Les faiblesses sont nombreuses. Ils ont négocié un accord, un pacte de gouvernement qui contient des mesures difficiles à mettre en œuvre. D’un côté nous avons la mesure phare du M5S (Mouvement cinq étoiles) qui souhaite introduire un revenu universel, ce qui signifie une hausse des dépenses. Et de l’autre, La Ligue souhaite une réduction sensible des impôts avec l’introduction d’une flat tax (impôt à taux unique, ndlr). Les deux partis populistes se sont aussi mis d’accord pour revoir la réforme des retraites, mise en place en 2011 pour faire face aux très graves problèmes financiers de l’époque. Avec ces promesses, les deux partis ont pris des risques politiques très importants : si elles ne sont pas tenues, les déceptions seront au rendez-vous.

De plus, l’Italie est insérée dans un système de relations internationales et d’adhésion à la construction européenne qui est inscrit dans sa constitution (article 117), cela signifie que si ces promesses aboutissent, il pourrait y avoir des risques sur la tenue financière du pays et une remise en question de l’appartenance de l’Italie à l’Union Européenne, et même à l’Euro. 

Selon vous une vraie coopération est-elle possible entre ces deux partis ou l’un risque de prendre l’ascendant sur l’autre ?

Le M5S a remporté davantage de voix (32%) que La Ligue (17%), mais cette dernière a plus d’expérience, y compris du pouvoir, après avoir été trois fois dans les gouvernements de Silvio Berlusconi depuis 1994. Le parti de Matteo Salvini gouverne également de nombreuses collectivités locales, dispose d’un leader plus efficace et plus expérimenté que celui du M5S. On peut donc supposer que La Ligue prenne le pas, et soit dominant dans cette coalition.

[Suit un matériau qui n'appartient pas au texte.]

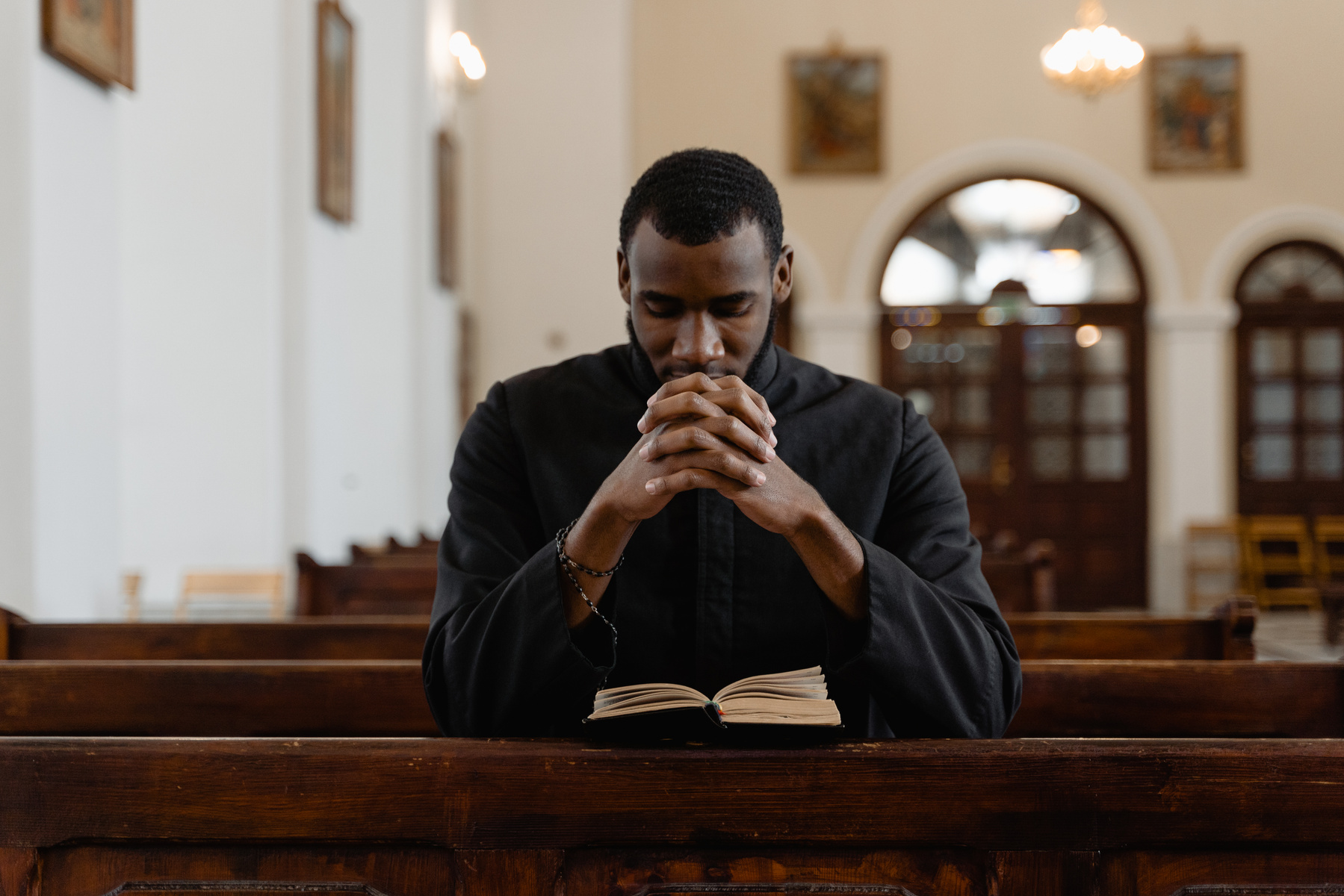 A Priest in Black Vestment Praying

Au vu du score du parti de Matteo Salvini, fraîchement nommé ministre de l’Intérieur, peut-on dire que ce résultat est la conséquence directe de la politique d’immigration de l’Europe qui n’a pas su soulager l’Italie ?

À cause de la situation géopolitique de l’Italie, l’immigration est un enjeu fondamental. La Ligue a surfé sur cette tendance et a réalisé un superbe score, le multipliant par quatre par rapport aux précédentes élections. Les idées du parti ont même pénétré des territoires où elles n’étaient jamais présentes auparavant, dans le sud notamment, en réalisant des scores inédits de 8% à 12%. Elles se sont renforcées dans le centre et surtout dans le nord, où se trouvent ses bastions traditionnels, avec des scores de 40%. Les causes majeures d’un tel score sont l’immigration, d’une part, et la promesse de la baisse des impôts, en particulier dans le nord. L’Europe a certes sa part de responsabilité dans la gestion de ce dossier, mais la question que je me pose désormais c’est de savoir comment Matteo Salvini va convaincre Viktor Orban, par exemple, de recevoir les immigrés que la Hongrie refuse d’accueillir en n’obtempérant pas au pacte européen. Le problème des populistes en Europe est qu’ils peuvent faire des alliances entre eux, mais deviennent « ennemis » dès que des dossiers concrets, comme l’immigration, sont abordés. Ils s’allient mais sont en réalité en rivalité.

Quelle sera selon vous la réaction de l’Union Européenne face aux nouvelles politiques du gouvernement italien vis à vis des migrants ?

Il y aura ce mardi une réunion importante à Bruxelles, à laquelle ne pourra pas se rendre le nouveau ministre à cause du vote de confiance en Italie. On rentre dans une phase de négociation entre le nouveau gouvernement et les autorités européennes. L’Union Européenne devra essayer de composer avec ces nouveaux dirigeants. Les alliances des différents partis populistes pourront bloquer les tentatives de réforme des politiques européennes en matière d’immigration (système dit de Dublin III). Même si les différentes demandes de ces partis peuvent se révéler diamétralement opposées, leur jonction peut avoir un effet de blocage.